Exercise — Beginning with the line that holds "Tree ephemera border", copy each line to the end of the records exactly, except the pictures.

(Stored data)
——

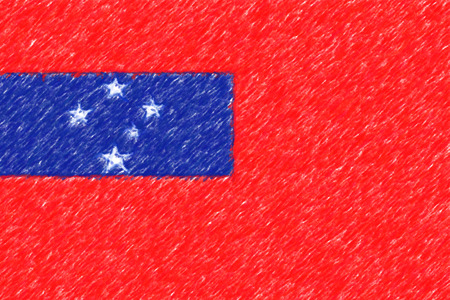 Flag of Samoa background o texture, color pencil effect.の写真素材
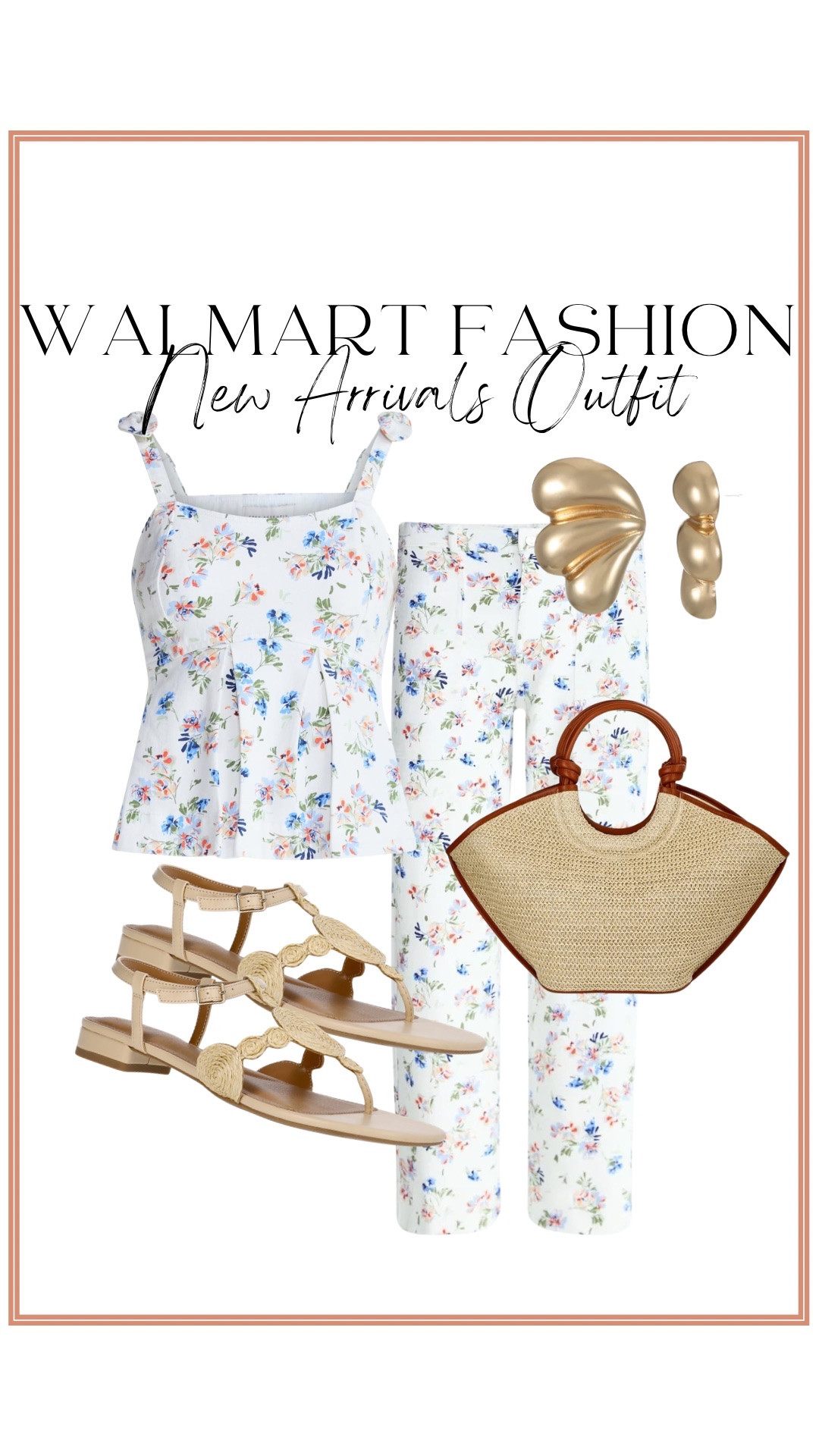 This floral Walmart fashion outfit is so pretty for spring and summer! The matching floral set paired with woven accessories and raffia sandals is giving boutique vibes for less. Such a feminine vacation-ready look and I love how polished yet easy it feels. This set is going to go fast 💕
#WalmartFashion #MatchingSet #SpringFashion #SummerOutfits #VacationStyle #AffordableStyle #WalmartNewArrivals #FloralFashion #ResortStyle #WalmartFinds

#LTKootd #LTKPetite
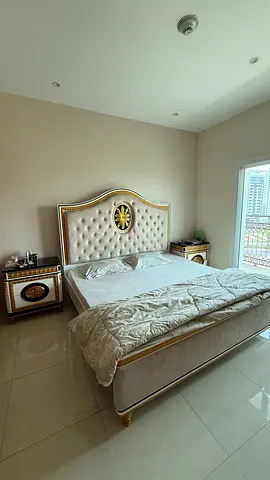 King size bed 200x200 with matching bedside tables , mirror  Dressing table - excellent condition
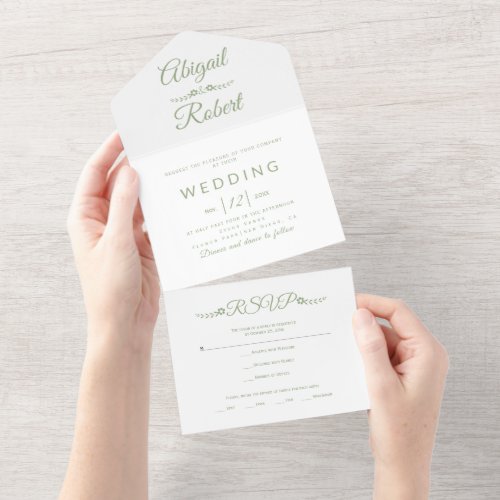 Modern sage green typography on white wedding  all in one invitation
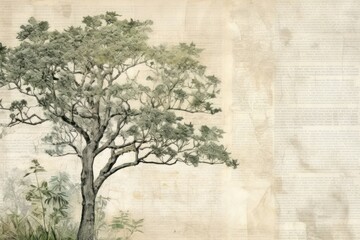 Tree ephemera border backgrounds drawing sketch.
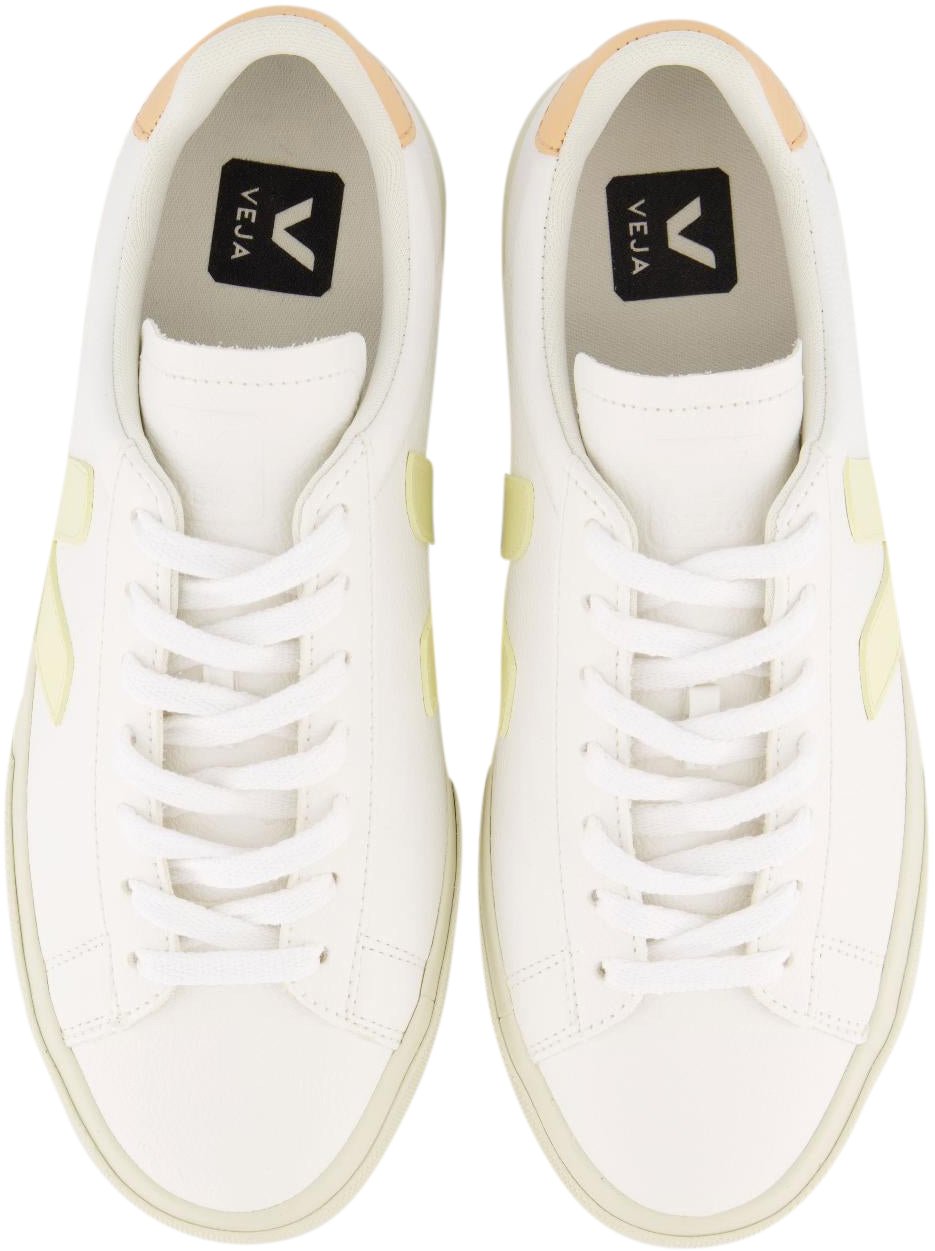 Veja Dames Campo Sneaker Leer Wit/Sunset Wit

——

Task result —
 Tree ephemera border backgrounds drawing sketch.
 Veja Dames Campo Sneaker Leer Wit/Sunset Wit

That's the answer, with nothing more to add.